Managing tenancies where your resident lacks mental capacity: a step by step guide

I am frequently asked to advise in relation to the administration of tenancy agreements where the resident (or prospective resident) lacks mental capacity.

The starting point is that if a person lacks the mental capacity to sign a tenancy agreement, anyone intending to sign the agreement on the person’s behalf can only do so with the authorisation of the Court of Protection or where they have an Enduring/Lasting Power of Attorney (‘LPA’) or are a court appointed Deputy.

The same applies where a person wishes to end their tenancy. The general principle is that if somebody lacks capacity they cannot enter into fully binding contractual agreement and this will include a tenancy agreement. Firstly, an issue specific capacity assessment should be carried out – i.e. an assessment as to whether they have capacity to enter into a tenancy agreement. Only if they do not will an application to the Court of Protection be possible.

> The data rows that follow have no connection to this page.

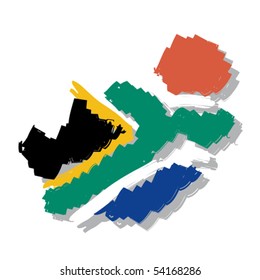 map flag South Africa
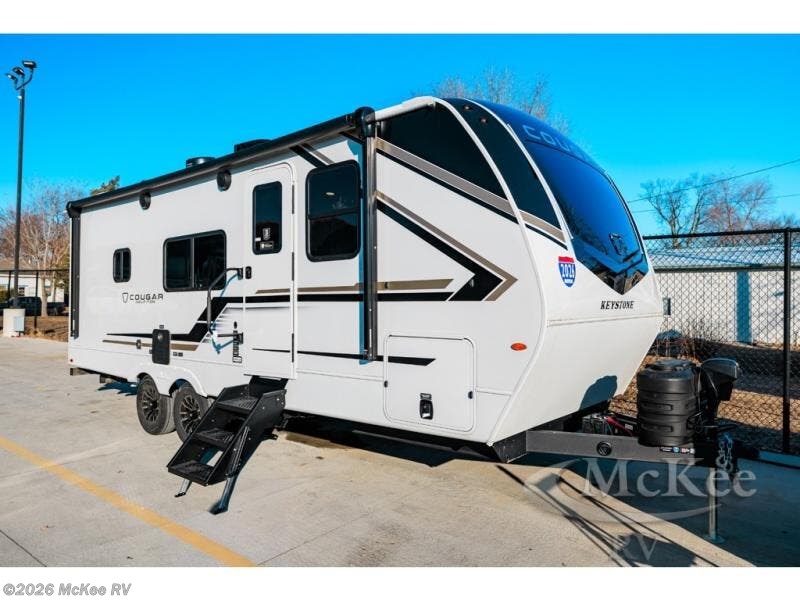 2026 Keystone Cougar Half-Ton 22MLS - New Travel Trailer For Sale by McKee RV in Perry, Iowa features Slideout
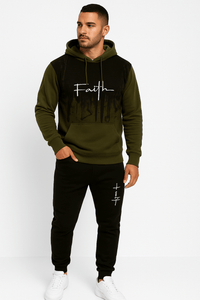 Hoodie & Sweatpants Set – Comfortable 2 - Piece Loungewear / Streetwear OutfitAzizaK
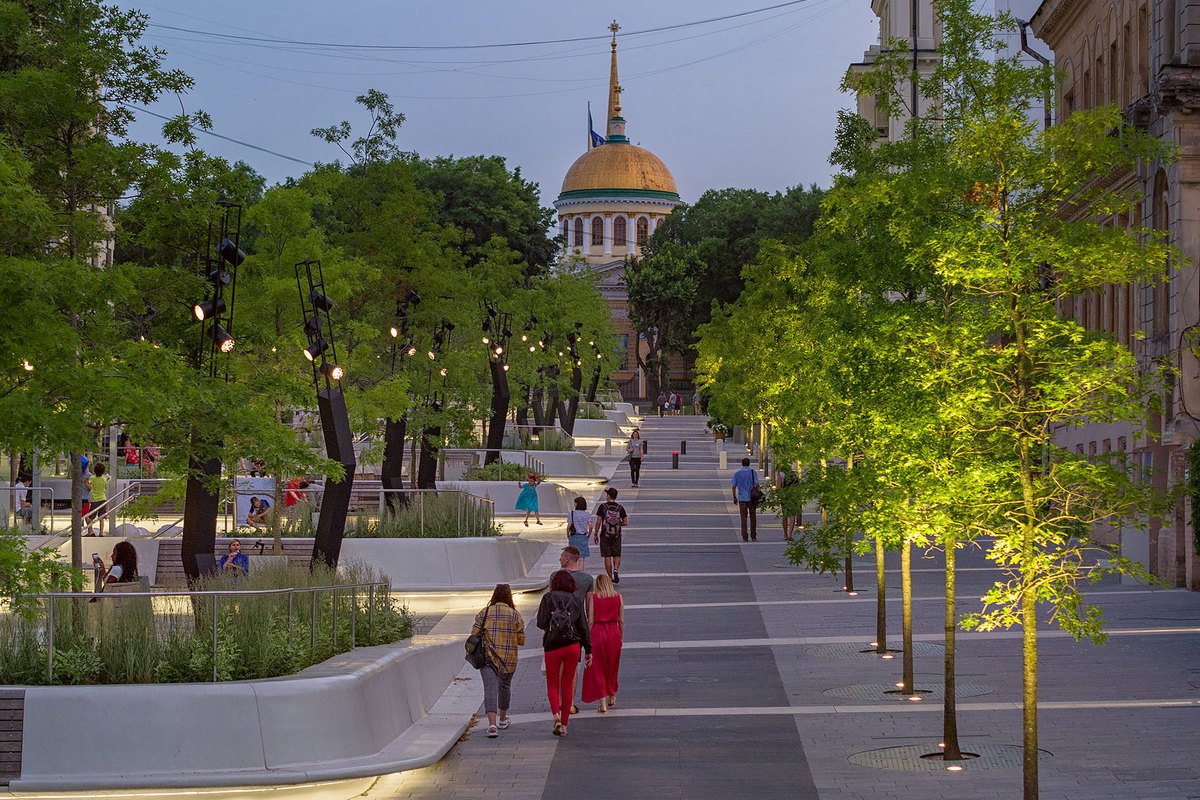 Улицу открыли после реконструкции в 2020 году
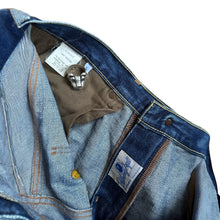 Load image into Gallery viewer, 34" x 32" L Bape Champion Embroidered Selvedge Denim Jeans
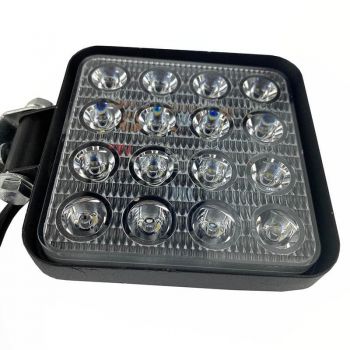 Προβολέας Εργασίας 16 Led Τετράγωνος 110mm x 110mm 48W Flat 10-80V 99089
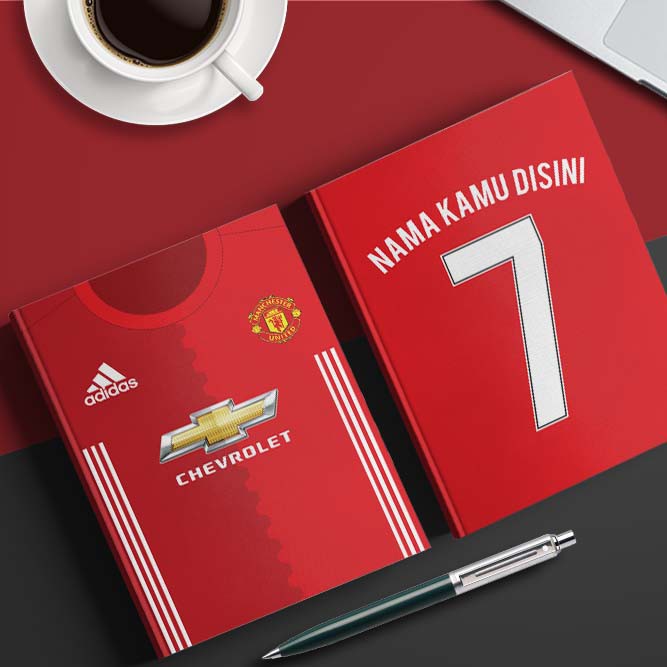

buku desain Jersey Bola Custom Notebook catatan Tulis planner agenda nama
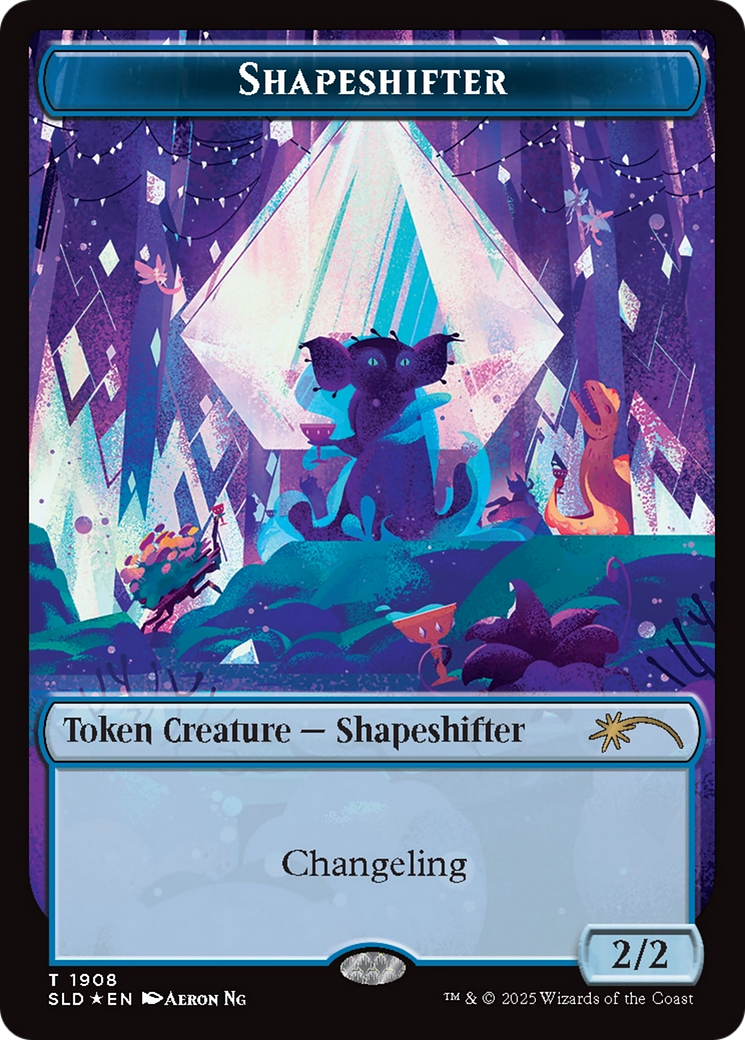 Shapeshifter Token (1908) (Double Rainbow Foil) (SLD-1908)  Foil - Secret Lair Drop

Once this has been done the starting point should always be whether or not there is an appropriate person who can make the necessary decision (either to enter into or terminate a tenancy) through the best interest process outlined in the Mental Capacity Act 2005 (‘the Act’). If there is a registered LPA in place or a Deputy for Property and Affairs has already been appointed, then the Attorney or Deputy would usually make that decision.

The Act places a limitation on signing legal documents (which would include a tenancy agreement or notice to quit).

Someone can only sign on the person’s behalf if they are:

  1. An Attorney under a registered Lasting Power of Attorney or Enduring Power of Attorney; or
  2. A deputy appointed by the Court of Protection; or
  3. Someone else authorised to sign by the Court of Protection.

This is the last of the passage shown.